Rzeczy na które nie mam czasu
Dawno temu na studiach, Pani profesor, poprosiła nas o wypisanie pięciu rzeczy w naszym życiu, na które nie mamy czasu. Każdy ma coś w swoim życiu, co odkłada na później. Jeszcze nie dziś, może za tydzień, może w przyszłym roku o tym pomyślę. Wszystkim wydaje się, że mają jeszcze czas.
Twój czas jest teraz
Weź pustą kartkę, napisz na górze “Rzeczy, na które nie mam czasu” i poniżej wpisz pięć pozycji:
- …………………………………………………
- …………………………………………………
- …………………………………………………
- …………………………………………………
- …………………………………………………
Jeśli nie masz kartki, to otwórz notatnik, wykonaj zadanie i dopiero przejdź do następnej części.
Mówię poważnie.
Sam umieściłem pięć rzeczy na liście (wśród nich było m.in. blogowanie). Niektórzy wypisywali spotkania z rodziną, z przyjaciółmi, pracą nad własnym projektem, studia, odpoczynek, czytanie książek.
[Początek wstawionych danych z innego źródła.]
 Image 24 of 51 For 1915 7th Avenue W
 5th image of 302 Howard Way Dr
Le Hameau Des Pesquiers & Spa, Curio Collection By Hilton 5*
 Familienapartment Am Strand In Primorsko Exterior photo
Dużo pozycji się powtarzało. Wszyscy w zaciekawieniu czekali, na jakiś magiczny sposób, który Pani profesor nam zaprezentuje, aby ten czas znaleźć. Chcieliśmy się dowiedzieć, jak możemy robić to, na co nie mamy czasu. Nasze nadzieje zostały jednak pogrzebane.
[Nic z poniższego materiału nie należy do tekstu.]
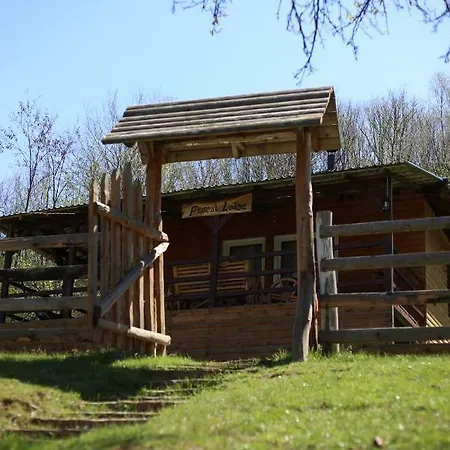 فوريست لودج أون ذا بيراميد بيت خشبي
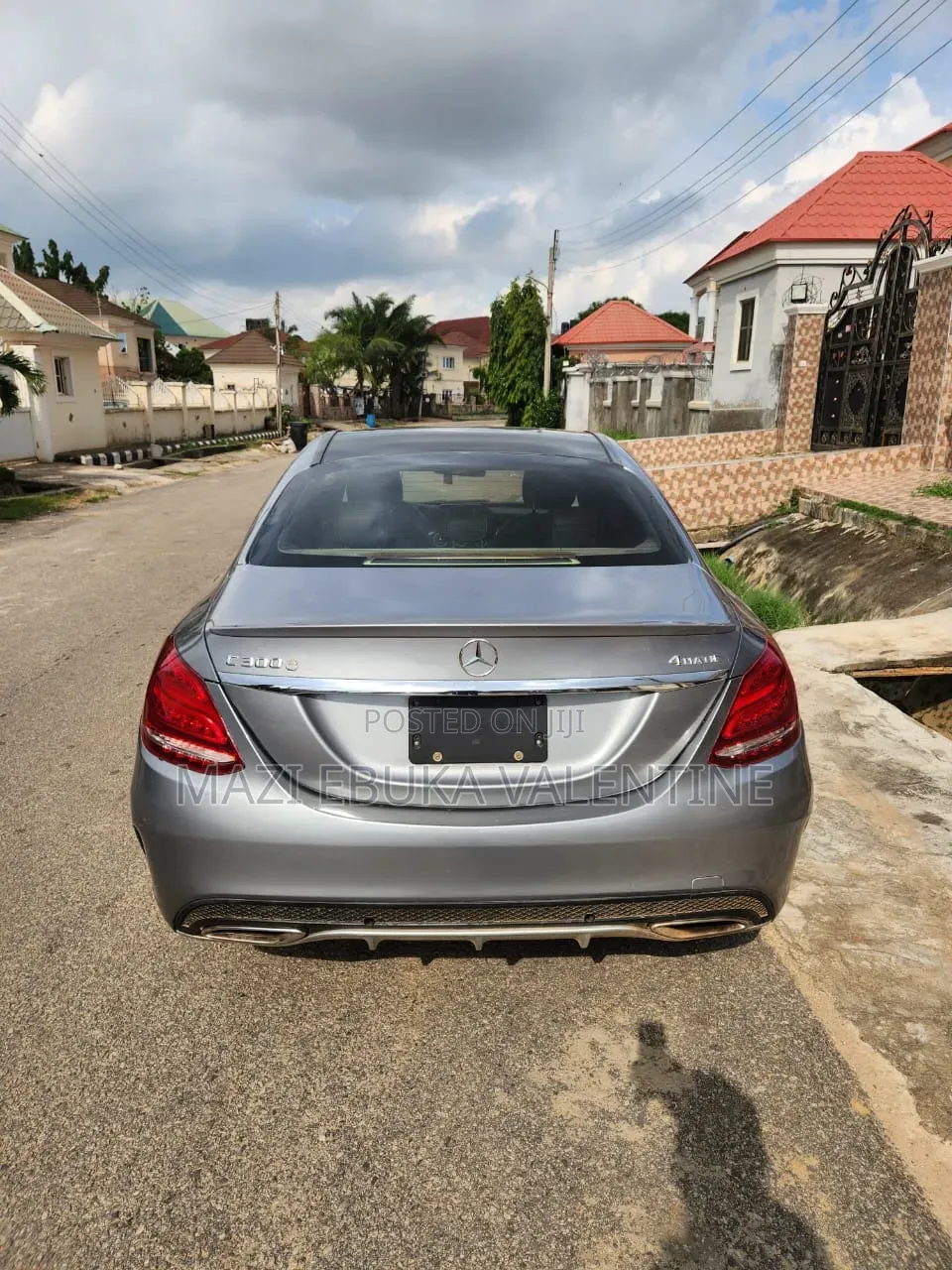 Mercedes-Benz C300 2016 Silver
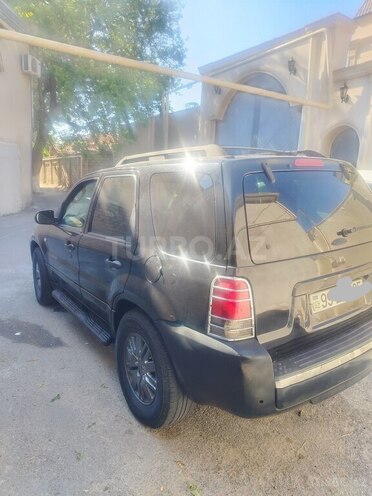Ford Explorer-5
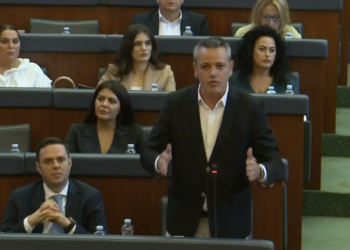 Gashi: Të nderuar kolegë, zdravo Albin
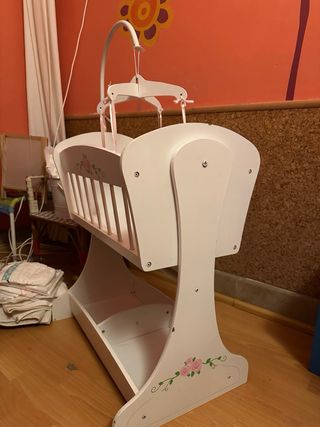 Culla per bambole bianca con mobile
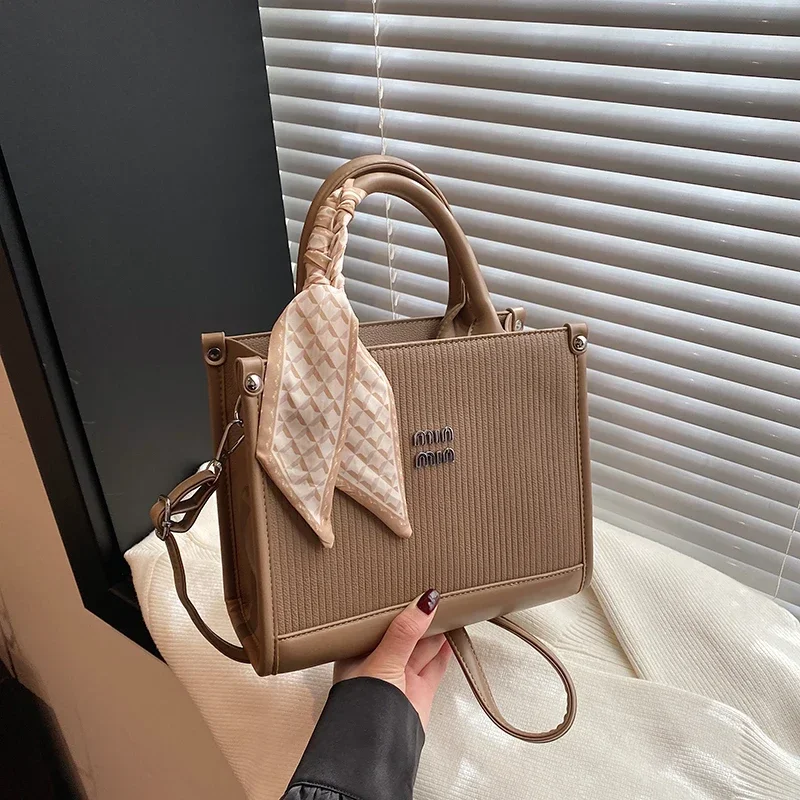 

Женская сумка через плечо большой емкости с ремешком-цепочкой, минималистичная пригородная сумка с уникальным письмом и вневременным парижским стилем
Spójrz na swoją kartkę. Przekreśl nagłówek i napisz nowy:
Rzeczy, na których mi nie zależy
To było ciężkie. Ludzie mieli zmieszane miny. Było też prawdziwe. Jeśli nie masz na coś czasu, to ci na tym nie zależy. To smutne, kiedy pomyślę sobie, że ponad połowa studentów, miała napisane spotkania z rodzicami czy z rodziną, ale lepiej być tego świadomym, niż żyć w zakłamaniu. Część z ludzi, spotkała się z rodzicami, w ciągu najbliższych kilku dni. Ostatecznie Pani profesor zaprezentowała nam sposób na znalezienie czasu. Wystarczyło otworzyć oczy.
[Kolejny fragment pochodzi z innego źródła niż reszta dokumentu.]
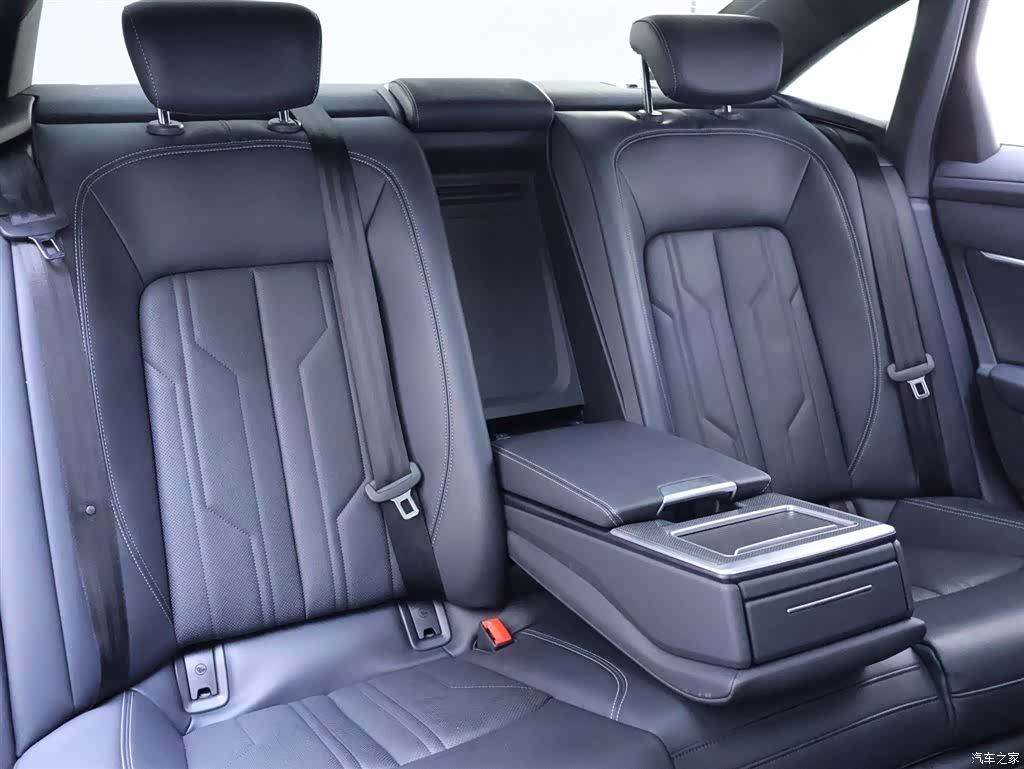 Audi A6L, 2025 23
Lista pomogła mi się oczyścić. Wyrzuciłem wszystkie pięć pozycji, bo wiedziałem, że faktycznie nie mam na nie czasu. Wcześniej, leżały gdzieś w mojej głowie i co jakiś czas, wyskakiwały z żądaniem, aby się nimi zaopiekować. Więc poświęcałem im dzień lub dwa, po czym znowu wracały do kąta pod natłotkiem innych obowiazków, marnując mi kilka, kilkanaście godzin pracy. Dzięki Liście, zyskałem te godziny. Mogłem w spokoju zająć się aktualnymi obowiązkami, a kiedy one były skończone, wracałem do Listy.
Nawet blogowanie doczekało się swojej chwili.
Prawa do zdjęcia należą do Søren Storm Hansen.
Kurczę, może nie zrozumiałam idei, ale na mojej liście znalazły się rzeczy, które zawsze jakoś tak wiązały się z moimi marzeniami… Napisanie książki, częstsze malowanie, powrót do jeździectwa… Czyżby znaczyło to, że tak naprawdę moje marzenia cichaczem, z radosnym biegiem czasu, uległy zmianie? Hmmm…
W każdym bądź razie – jest w tym chyba rzeczywiście jakaś oczyszczająca moc. Zyskałam pewnego rodzaju samoświadomość – mogę iść dalej.